In this session, you will learn:
- How to setup a SQL environment in jupyter notebooks, particularly:
    - Serverless SQL - connecting to a database file (SQLite)
    - Client-server SQL - connecting to a database in a SQL server (MySQL)
- How to run SQL queries in Jupyter notebook cells.
- How to list all available tables in a database.


## Outline

To do this, we'll go through the following:
- Interfacing with SQL Using Magic Commands;
- Connecting to a SQL server database;
- Connecting to a serverless SQL database;
- Listing the tables in a database; and,
- Running SQL queries.

## SQL Architectures

There are generally two common architectures for interacting with SQL databases:
- Client-server SQL - database systems that require separate server processes to function. In such cases, the user sets up a connection (typically with user credentials) to the server to interact with a database within it.
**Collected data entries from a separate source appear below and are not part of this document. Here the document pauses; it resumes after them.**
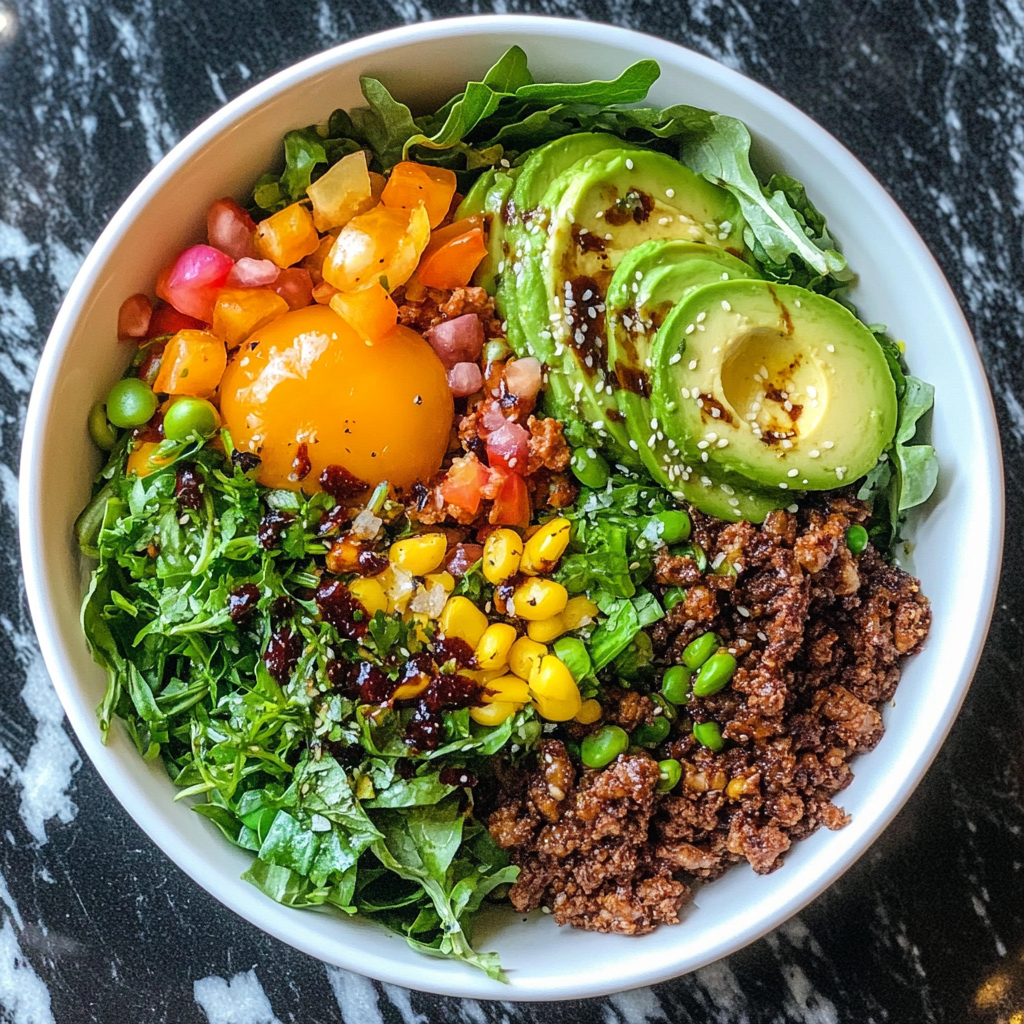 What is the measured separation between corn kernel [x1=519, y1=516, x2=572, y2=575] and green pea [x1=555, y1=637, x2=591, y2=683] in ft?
0.60

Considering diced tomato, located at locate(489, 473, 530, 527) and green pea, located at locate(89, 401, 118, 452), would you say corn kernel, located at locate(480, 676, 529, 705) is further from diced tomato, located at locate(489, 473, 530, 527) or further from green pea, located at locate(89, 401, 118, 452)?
green pea, located at locate(89, 401, 118, 452)

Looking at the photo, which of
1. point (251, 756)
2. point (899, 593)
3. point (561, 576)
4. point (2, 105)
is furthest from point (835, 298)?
point (2, 105)

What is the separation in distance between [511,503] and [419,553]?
0.26m

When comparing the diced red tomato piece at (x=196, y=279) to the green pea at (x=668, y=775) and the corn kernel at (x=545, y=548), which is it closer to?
the corn kernel at (x=545, y=548)

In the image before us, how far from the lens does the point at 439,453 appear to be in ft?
7.86

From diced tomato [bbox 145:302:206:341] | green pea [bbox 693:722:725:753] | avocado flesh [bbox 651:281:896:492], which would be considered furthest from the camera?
diced tomato [bbox 145:302:206:341]

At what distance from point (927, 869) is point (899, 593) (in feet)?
2.97

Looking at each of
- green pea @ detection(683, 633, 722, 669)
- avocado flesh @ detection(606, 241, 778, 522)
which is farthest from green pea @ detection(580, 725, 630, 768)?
avocado flesh @ detection(606, 241, 778, 522)

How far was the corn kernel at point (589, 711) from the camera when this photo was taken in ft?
7.32

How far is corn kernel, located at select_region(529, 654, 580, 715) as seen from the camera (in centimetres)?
214

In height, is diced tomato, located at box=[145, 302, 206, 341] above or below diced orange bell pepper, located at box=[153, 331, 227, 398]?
above

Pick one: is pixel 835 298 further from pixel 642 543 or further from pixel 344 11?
pixel 344 11

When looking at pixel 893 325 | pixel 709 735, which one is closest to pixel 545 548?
pixel 709 735

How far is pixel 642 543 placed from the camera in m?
2.26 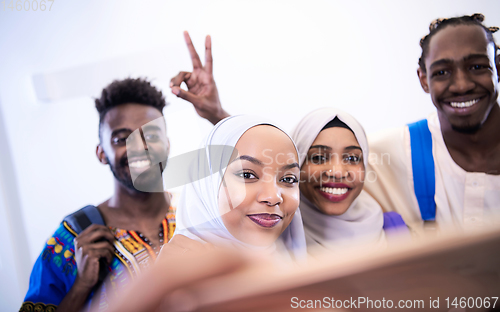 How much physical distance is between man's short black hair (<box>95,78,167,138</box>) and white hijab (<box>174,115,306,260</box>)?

The server can be located locally on the user's computer or remotely (i.e. on a cloud computer). Examples of  RDBMS (Relational Database Management Systems) that work this way include Microsoft SQL server, MySQL, PostgreSQL, etc.


- Serverless SQL - these systems allow the user to interact directly with the target SQL database, i.e., the SQL database is a file that gets loaded onto the application and can be read or written to using SQL queries. The specific flavour of serverless SQL we will use in this course is SQLite - a portable, serverless, and self-contained version of SQL. Instead of needing to connect to a SQL server for database access, SQLite loads a database from a single `.db` file, this file can be treated in a fashion similar to that of any other data file (e.g. a CSV) with the exception that we read and write to the file using SQL queries.

![SQL Architectures](https://raw.githubusercontent.com/Explore-AI/Pictures/master/sql-architectures.png)

In this session, we will explore both setups in the context of jupyter notebooks. Before we discuss these setups though, let's first discuss magic functions.

## Interfacing with SQL Using Magic Commands

["Magic" commands](https://ipython.readthedocs.io/en/stable/interactive/magics.html) are special commands that are used to enhance the behaviour of IPython. In order to get our notebook to process SQL within each of our cells, we make use of IPython "magic" commands specifically for SQL. These are provided by the [ipython-sql](https://pypi.org/project/ipython-sql/) library.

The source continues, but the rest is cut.